More land traded here in 2023 (15,700 acres) than in any year since 2000 (17,600 acres) as the market surpassed its average for the last five years by over 40%. The average age of farmers is high, and our agents have noticed an increase in the proportion of vendors who are retiring due to a lack of successors.

Due to the industry’s increased pace of restructuring, we expect the area of farmland marketed in Great Britain will continue to increase over the next four years

Andrew Teanby, Associate Director, Rural Research

Pent-up demand for land meant that values continued the upward trend that started in spring 2021 and increased by an average of 23% during the year (Figure 1). The strongest growth was recorded for grade 3 pasture, which is one of the most common farmland types in Wales. Last year, in our Cross Sector forecasts, we noted that farmland in Wales had scope for capital growth due to the proposed Sustainable Farming Scheme, which provides a framework for profitable farm businesses and spreads the benefits of nature-based income streams across all farms. The Welsh government is continuing to develop the scheme and has indicated its approach to calculating mandatory woodland cover requirements will be pragmatic and exclude areas that are physically or legally constrained. Moving forward, supply is expected to increase further, so the rate of value growth is likely to ease as the market finds its equilibrium.

WHAT DO WE EXPECT IN THE NEXT FIVE YEARS?

Nationally, supply has been trending upward for three years following a decline starting in 2019 that was caused by uncertainty over the terms of the UK’s exit from the European Union and the consequent need for the UK government to develop new national agricultural policies. England is ahead in this process, having started withdrawing area-based Basic Payment Scheme payments in 2021 and encouraging farm businesses to evolve by offering productivity-focused capital grants, and latterly launching new environmental schemes. In Wales and Scotland, change has been delayed to provide stability, although the direction of travel in terms of outcomes expected from land will be similar when new schemes are rolled out from 2025 and 2026, respectively. However, farmland supply may not respond to the same extent as in England, where there has been more government focus on encouraging the industry to restructure.

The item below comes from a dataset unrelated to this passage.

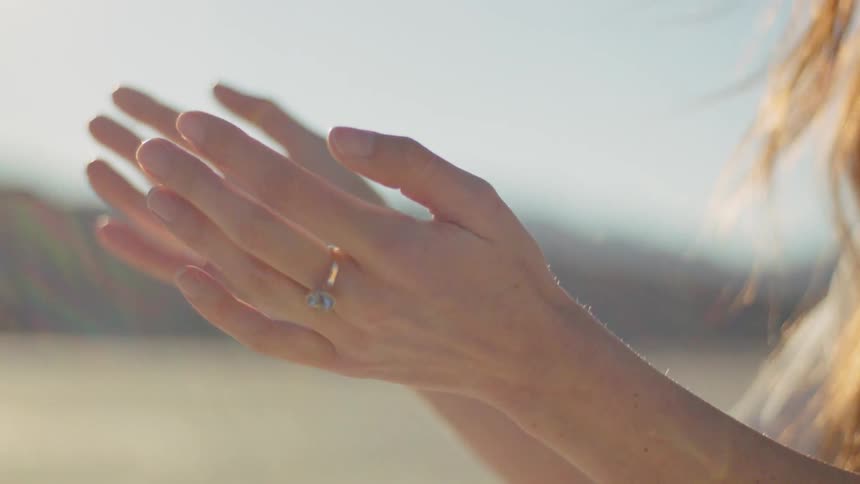 A woman moving her hands around in the desert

These changes mean farmers are evaluating their options and restructuring. Over the last three years, retirement and change in farming policy have become far more common reasons for farmers selling their farm machinery compared to 2015, when new agricultural policies were not on the horizon (Figure 3). “Sale of the farm” now accounts for a smaller proportion of sales, but using the rise in machinery sales as an indicator, we remain confident that more land will come onto the market. This is because the sale of farmland is one potential outcome following a change in farming policy, tenancy surrender or retirement. Despite the continued challenging economic backdrop, financial issues continue to account for a low proportion of farmland sales.

Due to the industry’s increased pace of restructuring, we expect the area of farmland marketed in Great Britain will continue to increase over the next four years. The market is likely to increase in size more rapidly in the near term before stabilising at around 180,000 acres per year by 2028 (Figure 4). As a result of there being more land available on the market, there will be less inflationary pressure on farmland values.